Говорит Гуидо Карпи: «Помню, что в средних классах в школе была такая книжная полка, где располагались рекомендованные к чтению книги. Следовало брать их, читать, а потом рассказывать о впечатлениях. Там стояли назидательные романы о партизанах времен Второй мировой войны, о демократических традициях итальянского народа — тогда школа была очень левацкая. „Чипполино”, кто-то из русских (может быть, „Железный поток” на итальянском языке), „Христос остановился в Эболи” Карло Леви, „Человек ли это?” Примо Леви, „Дневник Анны Франк” — одним словом, культурное левацкое достояние. Я над этим не иронизирую, это все, наверное, подсознательно на меня повлияло, и левые идеалы я по-прежнему разделяю. Но если говорить о вещах, которые меня впечатлили в том возрасте, то нет».

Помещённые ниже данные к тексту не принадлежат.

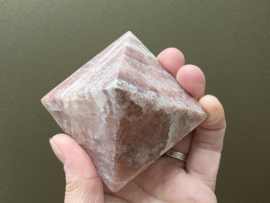 Rhodo calciet piramide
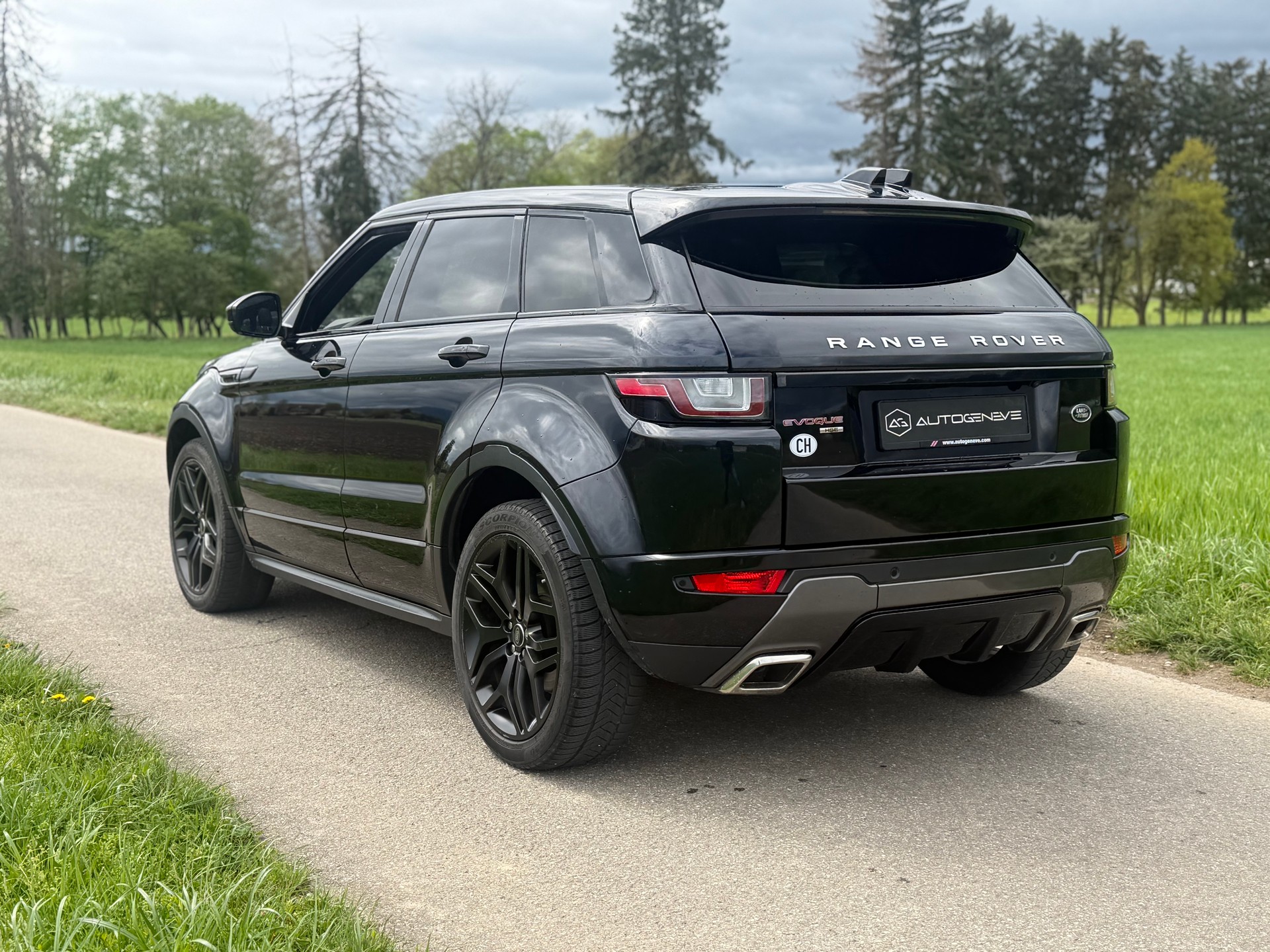 LAND ROVER Range Rover Evoque 2.0 TD4 HSE Dynamic AT9-image-8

«В школе нам давали читать мишуру XIX века типа „Обрученных” Алессандро Мандзони, но никто никогда не воспринимал это всерьез. Нам уже тогда было ясно, что с XVIII века итальянская литература стала откровенно вторичной, там нельзя найти ничего интересного. В XX веке кое-что яркое, конечно, есть».


«Не думаю, что исследователи древнерусской литературы поделились на православных и атеистов». Андрей Ранчин о Борисе и Глебе, Дмитрии Лихачеве и религиозном литературоведении. Текст: Иван Мартов. — «Горький», 2017, 13 ноября <https://gorky.media>.

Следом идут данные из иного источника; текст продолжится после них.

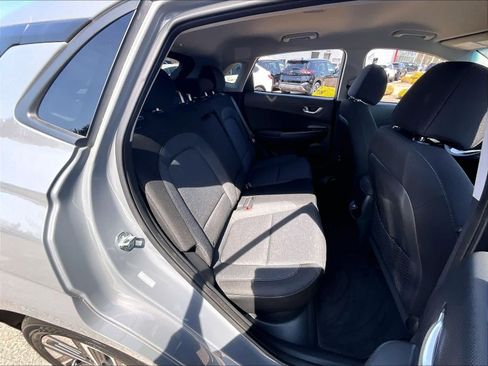 Used 2023 Hyundai Kona SE w/ Cargo Package image 16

Говорит Андрей Ранчин: «Благодаря ему [Лихачеву] были изданы многие древнерусские памятники, он автор ряда публикаций „Слова о полку Игореве”, в том числе с объяснительными переводами, комментариями для детей. В значительной степени благодаря ему широкие круги узнали, что такое древнерусская литература. Не менее важны некоторые его собственно научные работы, прежде всего „Поэтика древнерусской литературы”, главная его книга, последнее издание с изменениями в 1979 году было, а первое в 1960-е годы. Лихачев обратил внимание на те категории древнерусских произведений, те особенности, которые прежде внимания почти не привлекали — это поэтика времени и пространства в древнерусской литературе (и не только в ней). <...> И в этом отношении значение его весьма велико. Другое дело, что когда его концепции становились господствующими, иные точки зрения с трудом пробивали путь в науку — критика работ Лихачева при его жизни была не то что запрещена, но отчасти считалась некоторым научным неприличием. Это не очень хорошо, хотя в какой степени он сам ответственен за это, совершенно другой вопрос».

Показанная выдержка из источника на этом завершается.